● **Task objective**: After finding the line containing "Hello guys, my" below, please output that line and each following one through the line containing "Blood pressure typically", exactly as written.

● **Data**:
·····

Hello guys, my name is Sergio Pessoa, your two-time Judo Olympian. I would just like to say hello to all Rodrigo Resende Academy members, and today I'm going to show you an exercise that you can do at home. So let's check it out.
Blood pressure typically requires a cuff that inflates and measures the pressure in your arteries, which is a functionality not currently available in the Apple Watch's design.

·····

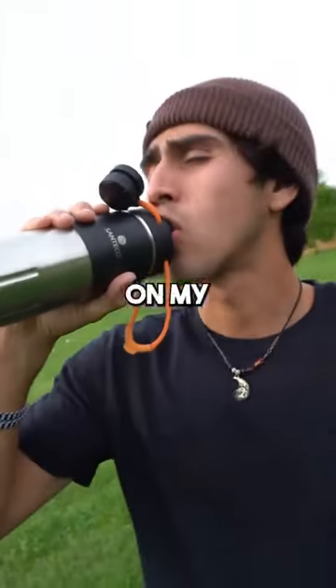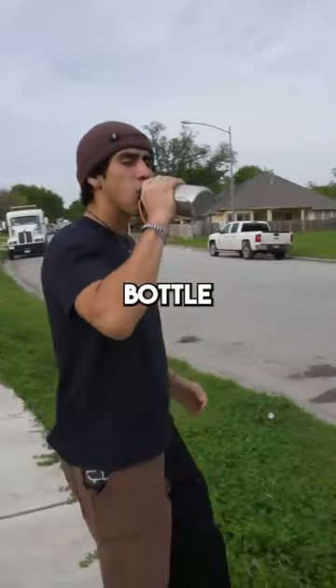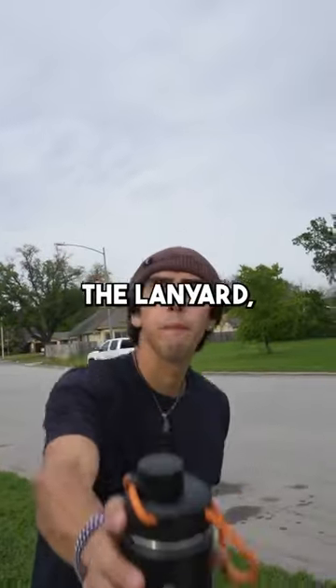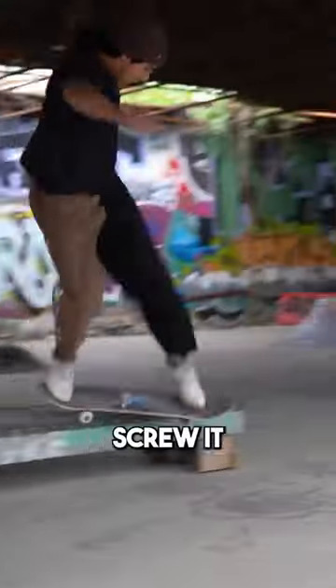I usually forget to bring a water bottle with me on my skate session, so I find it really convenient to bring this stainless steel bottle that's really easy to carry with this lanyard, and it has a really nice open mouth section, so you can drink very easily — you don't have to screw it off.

·····

● **Answer to the problem**:
Hello guys, my name is Sergio Pessoa, your two-time Judo Olympian. I would just like to say hello to all Rodrigo Resende Academy members, and today I'm going to show you an exercise that you can do at home. So let's check it out.
Blood pressure typically requires a cuff that inflates and measures the pressure in your arteries, which is a functionality not currently available in the Apple Watch's design.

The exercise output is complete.